Assignment:
Before you return the lines below, strip out any images and keep every word as written.

Data records:

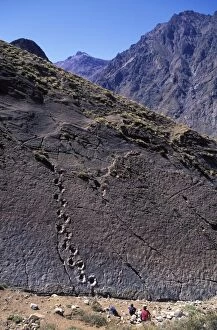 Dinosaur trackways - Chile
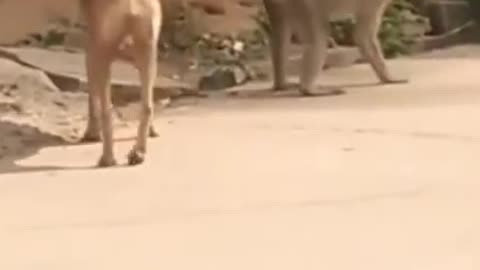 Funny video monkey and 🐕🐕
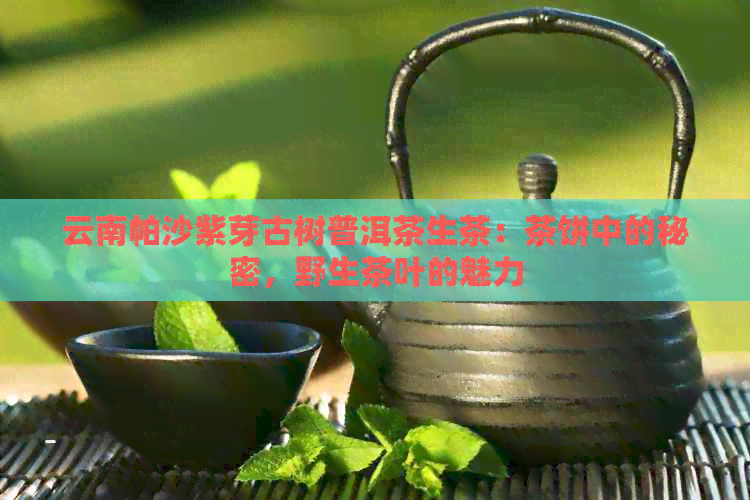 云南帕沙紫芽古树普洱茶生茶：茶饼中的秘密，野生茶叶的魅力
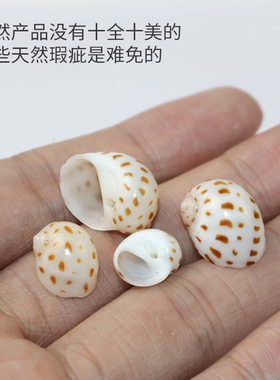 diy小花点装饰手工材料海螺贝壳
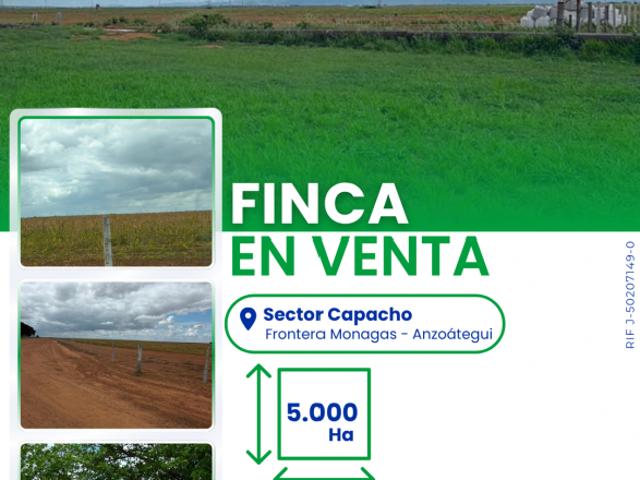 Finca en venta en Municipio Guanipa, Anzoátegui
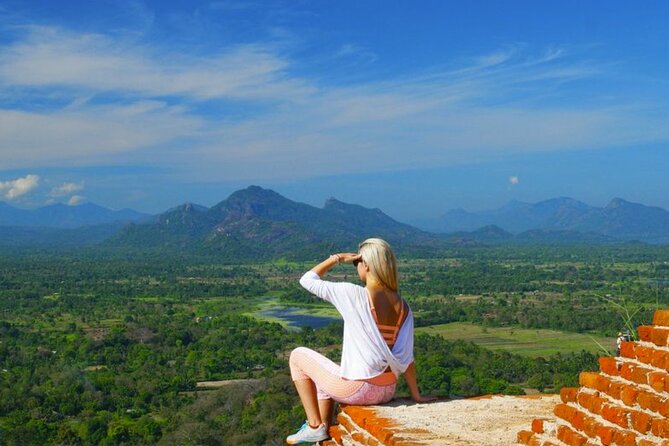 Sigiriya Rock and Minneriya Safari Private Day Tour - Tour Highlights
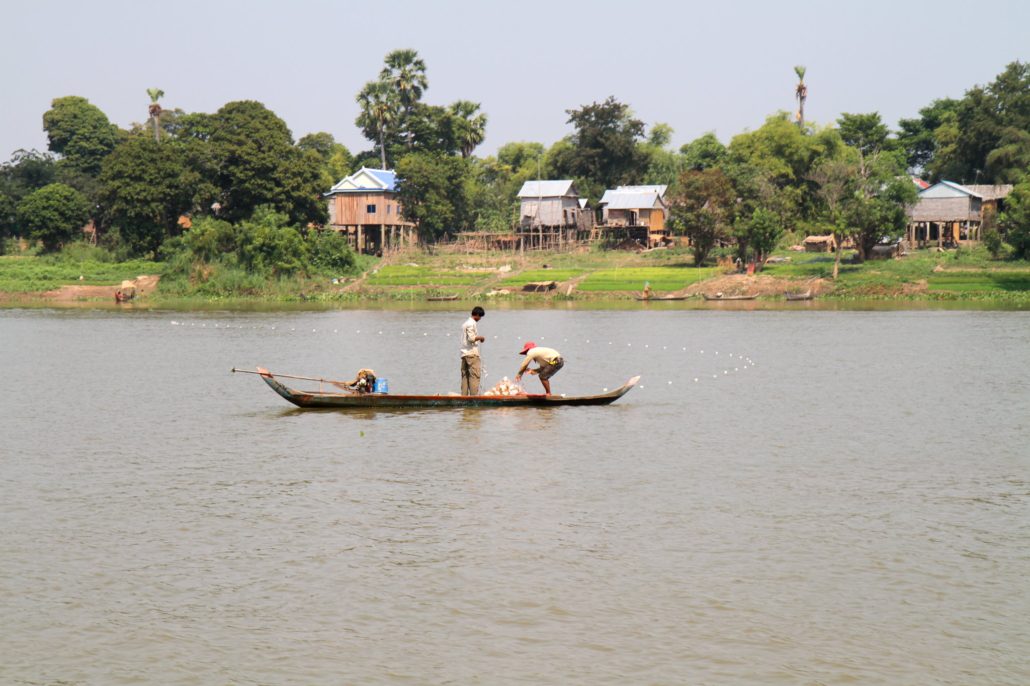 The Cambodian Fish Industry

Task solution:
 Dinosaur trackways - Chile
 Funny video monkey and 🐕🐕
 云南帕沙紫芽古树普洱茶生茶：茶饼中的秘密，野生茶叶的魅力
 diy小花点装饰手工材料海螺贝壳
 Finca en venta en Municipio Guanipa, Anzoátegui
 Sigiriya Rock and Minneriya Safari Private Day Tour - Tour Highlights
 The Cambodian Fish Industry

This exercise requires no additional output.